In der Realität ist das Auto natürlich auch dann da und kostet Geld, wenn man mit der Bahn fährt. Gehen wir mal von einer fiktiven (aber ich denke sehr realistischen) Leasing- oder Finanzierungsrate von 450 EUR/Monat aus, kostet das Auto an dem Tag, an dem wir mit der Bahn unterwegs sind, 15 EUR.

Somit kommen wir auf Gesamtkosten bei Nutzung der Bahn in Höhe von 39,70 EUR pro Tag.

Jetzt das Auto: Um Vergleichbarkeit zu schaffen, parke ich im Beispiel am Bahnhof Frankfurt West.
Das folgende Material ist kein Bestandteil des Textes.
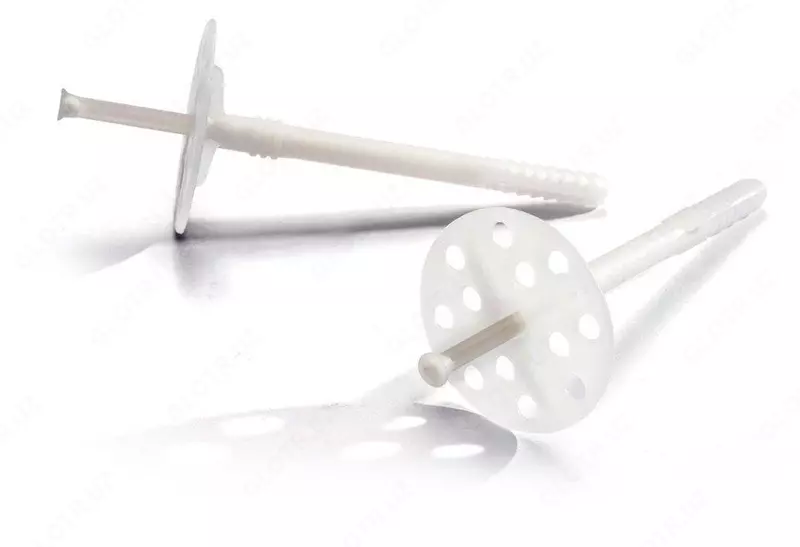 Issiqlik izolyatsiyasini mahkamlash uchun plastik dübel-mix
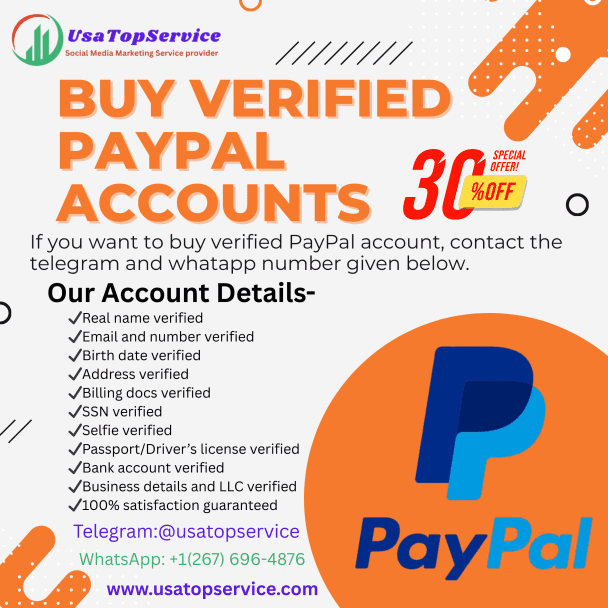 I Will Provide Verified PayPal Account & Full Setup Support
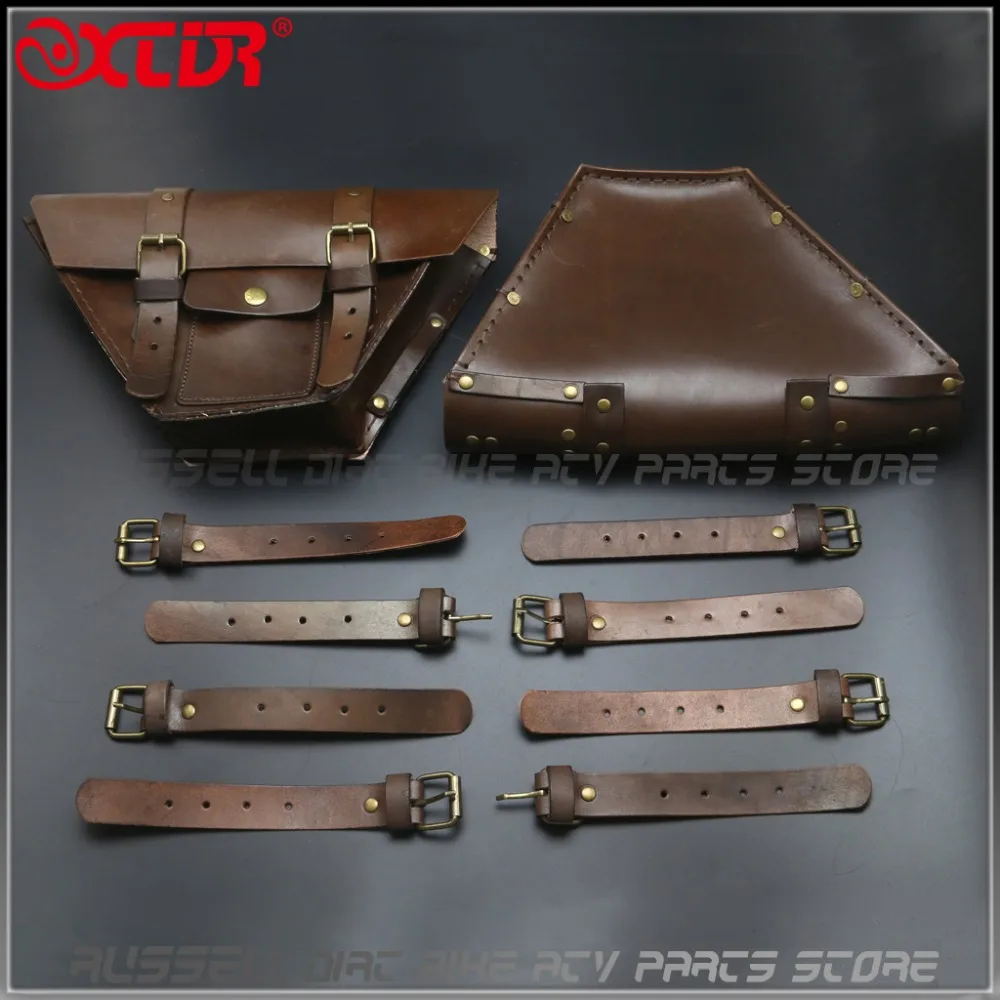 Универсальная винтажная сумка Седло для мотоцикла кожаная хранения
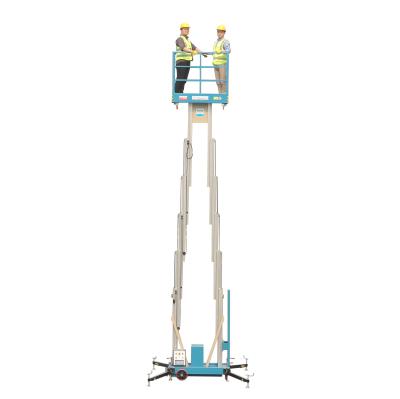 China Doppelt-Mast-mobile Luftarbeit-Aluminiumplattform 14 M Working Height Compact zu verkaufen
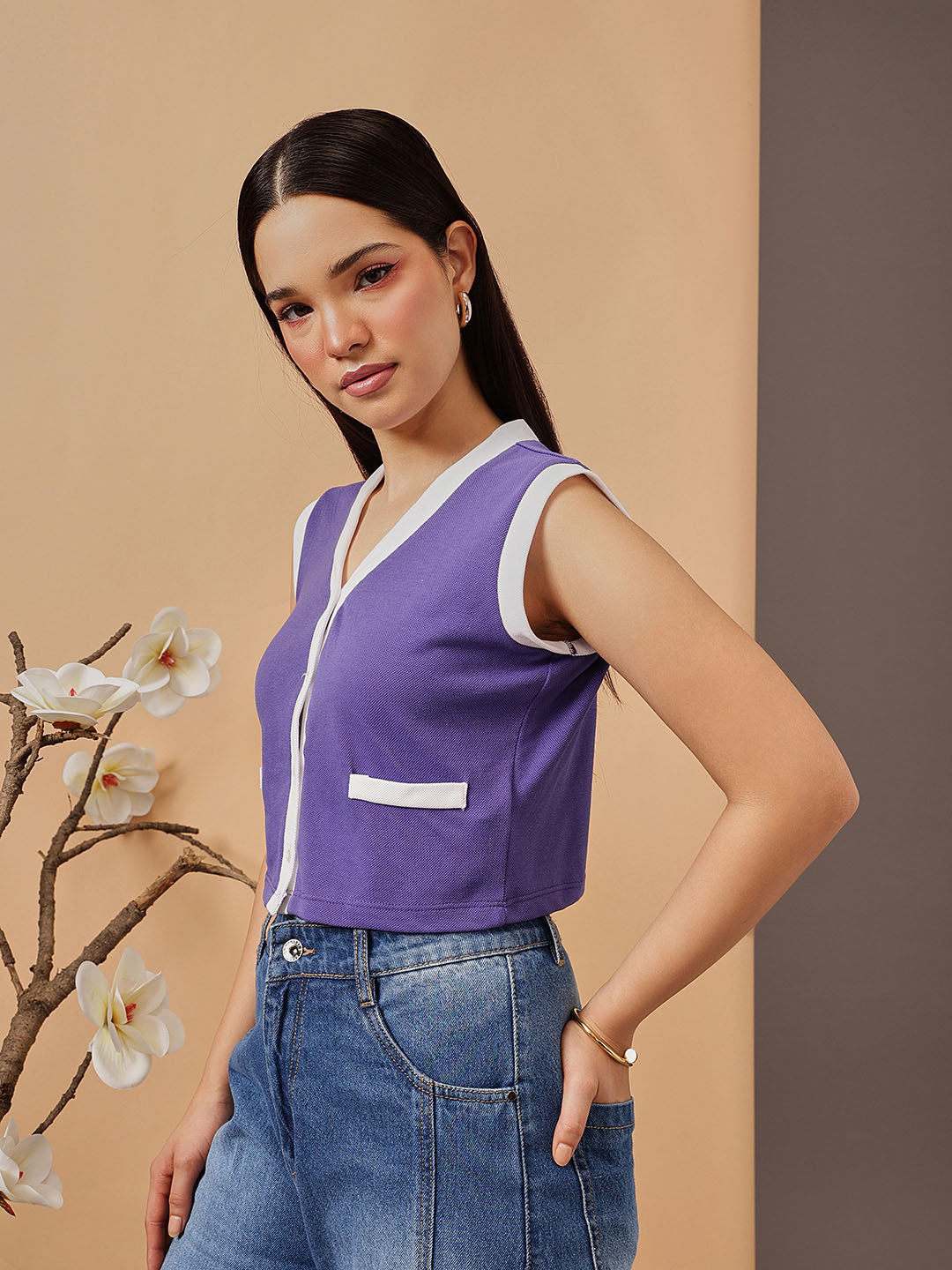 V Neck Top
Der Fußweg Bahnhof-Kunde ist also identisch. Ich spare den Weg von Zuhause zum Bahnhof von 2x 15min täglich. Fahrzeit im Vergleich zu den o.a. „Idealzeiten“ ca. 50 Minuten, also 1:40h pro Tag. Ich spare mit dem Auto also pro Tag 1:40h, also die Hälfte der Reisezeit ein. Nutze ich nicht diese „Extremzeiten“, verlängert sich die Fahrzeit auf etwa 1,5h morgens und 1h abends. Macht 2,5 Stunden, was immer noch um 50 Minuten unter der “Idealzeit” der Bahn liegt (ohne dortige zusätzliche Risiken einer massiven Fahrzeitverlängerung zu berücksichtigen).

Für die Berechnung der Fahrzeugkosten nutze ich folgende Parameter: 
57km einfach (=114km/Tag). Verbrauch 8,5l/100km. Preis 1,23 EUR/l Diesel.
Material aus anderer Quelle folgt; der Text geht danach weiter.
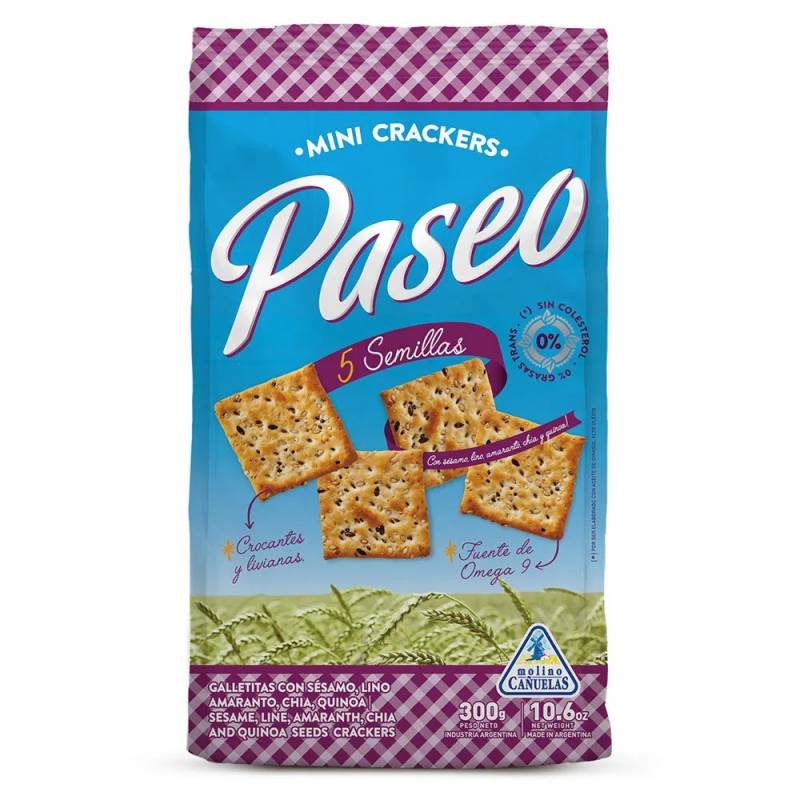 Galletita Paseo 5 Semillas 300Gr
Fahrzeugkosten exkl. Kraftstoff und Parken betragen also bei 114km Gesamtstrecke pro Tag 25,08 EUR (siehe oben). Hinzu kommen die variablen Kosten (also Kraftstoff und Parken).

– Kraftstoffkosten 11,96 EUR
– 1 Tagesticket am Frankfurter Westbahnhof kostet 5 EUR. 
– Variable Gesamtkosten pro Tag betragen also rechnerisch 16,96 EUR

Die Gesamtkosten für die Nutzung des Autos betragen im Beispiel 42,04 EUR. Wir steigen also morgens ins Standheizungs-vorgewärmte Auto, sind gemütlich unterwegs ohne Hetzen, Umsteigen, Gedränge usw. Es vernichtet auch nicht gleich unseren gesamten Reiseplan, wenn wir mal 5 Minuten später losgehen und wir sparen bei nicht optimalen Bedingungen trotzdem noch 50 Minuten Lebenszeit pro Tag. Dieser Komfort kostet uns insgesamt gegenüber der Bahnfahrt mit allen “Nicht-Komfort-Merkmalen” 2,34 EUR. Ist es mir das wert? Auf jeden Fall!
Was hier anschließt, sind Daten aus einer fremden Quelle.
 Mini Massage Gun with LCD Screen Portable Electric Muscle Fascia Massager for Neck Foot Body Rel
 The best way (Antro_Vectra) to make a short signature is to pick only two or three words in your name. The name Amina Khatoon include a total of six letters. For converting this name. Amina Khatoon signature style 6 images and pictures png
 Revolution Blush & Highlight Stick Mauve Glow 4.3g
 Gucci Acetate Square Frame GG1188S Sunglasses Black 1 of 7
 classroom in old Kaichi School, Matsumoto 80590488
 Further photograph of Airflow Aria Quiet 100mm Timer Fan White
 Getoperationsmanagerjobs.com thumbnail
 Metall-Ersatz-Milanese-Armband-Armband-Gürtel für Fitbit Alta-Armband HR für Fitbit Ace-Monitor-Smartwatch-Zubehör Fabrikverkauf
Gehen wir nun noch einen Schritt weiter und bilden eine Fahrgemeinschaft. Mit 2 Personen im Auto sparen wir gegenüber der jeweiligen Alleinreise per Bahn bereits 22,36 EUR pro Tag (darin bereits eingerechnet ist die Annahme, dass der Mitfahrer auch ein Auto besitzt, das dann ungenutzt stehend Geld kostet, s.o.).

Im obigen Beispiel nicht berücksichtigt sind Monats- oder Jahrestickets für Menschen, die dieselbe Strecke täglich absolvieren. Damit würden die Bahn-Kosten auf 330 EUR/Monat oder 16,50 EUR/Tag sinken zzgl. der “Eh-da-Kosten” für das Auto (in Summe also 31,50 EUR/Tag). Die Mehrkosten bei Alleinfahrt mit dem Auto betrügen in diesem Fall 10,54 EUR. Die Ersparnis bei Mitnahme eines zweiten Pendlers “nur noch” 9,64 EUR. Pro Tag.

Wenn man jetzt einmal ganz pragmatisch denkt und eben nicht den Umweltgedanken in den Vordergrund rückt: Weshalb sollte jemand Bahn fahren??? Und nein, die richtige Schlussfolgerung ist nicht “Autofahren ist zu billig”, sondern “Bahnfahren ist deutlich zu teuer”. Hier sollte/muss die Politik ansetzen.